Selon plusieurs témoins, le responsable du centre de détention aurait même abattu trois migrants qui essayaient d’ouvrir les portes de leurs hangars pendant l’attaque. Des accusations que ce dernier nie catégoriquement. Le département de lutte contre l’immigration illégale de la Libye qui supervise le centre a confirmé que les portes des hangars étaient fermées pour éviter la fuite des réfugiés et migrants.

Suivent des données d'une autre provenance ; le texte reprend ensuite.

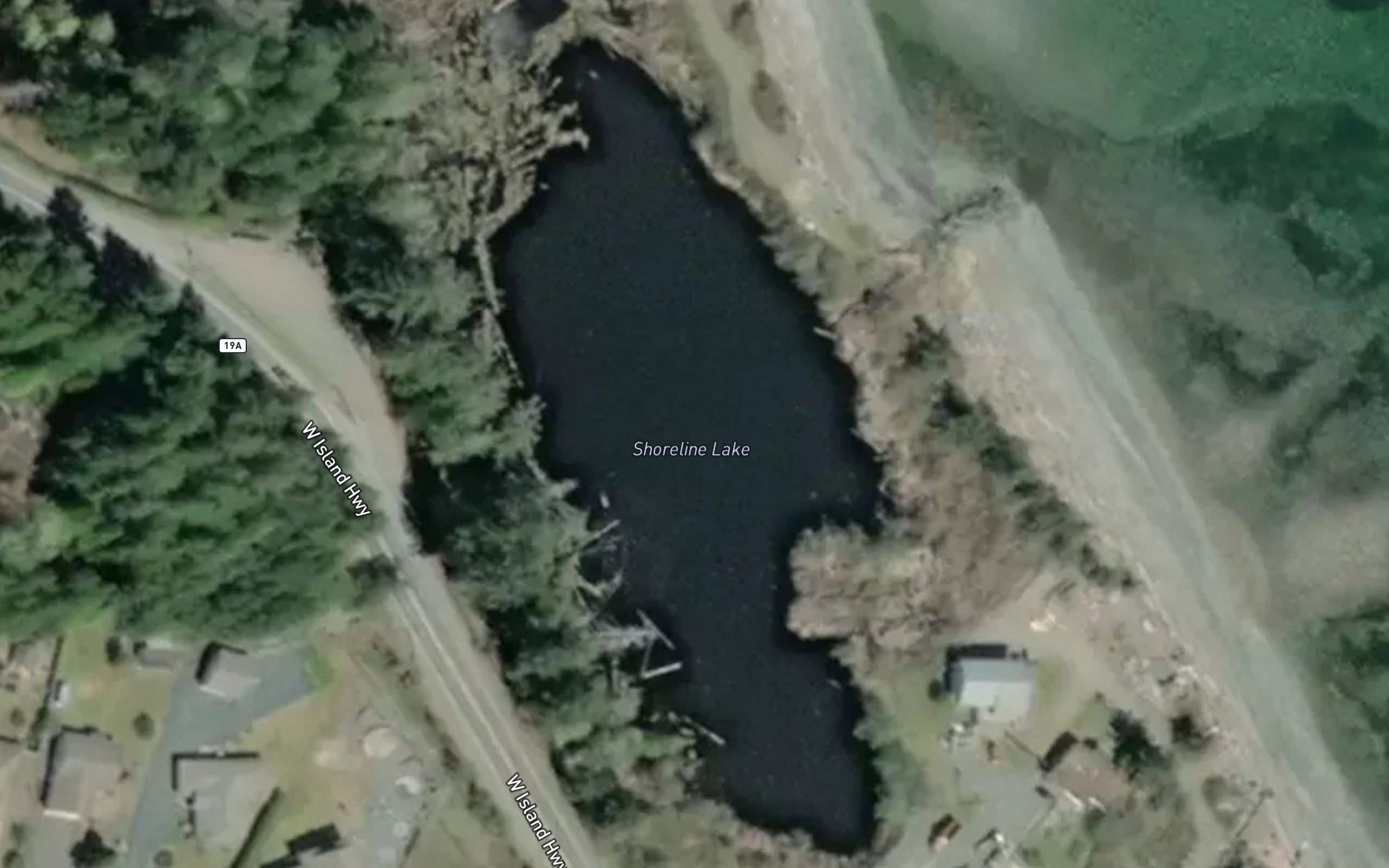 Shoreline Lake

Pour l’envoyé spécial de l’ONU en Libye, Ghassan Salamé qui prône le respect effectif de l’embargo sur les armes, le drame de Tajoura illustre tragiquement à quel point l’utilisation des armes aériennes est devenu systématique dans le conflit en question. Il met également un accent particulier sur les conséquences et dangers des interférences étrangères sur la population civile.
Les Nations Unies dénoncent, en outre, l’impunité autour de cette attaque ; l’une des plus criminelles depuis que le Maréchal libyen Haftar avait lancé, en avril 2019, l’offensive pour prendre Tripoli. La Haut-Commissaire onusienne, Michelle Bachelet, demande aux différentes parties de mener des enquêtes indépendantes pour identifier les auteurs de l’attaque aérienne afin qu’ils répondent de leurs actes, qui s’assimile fort bien à un crime de guerre.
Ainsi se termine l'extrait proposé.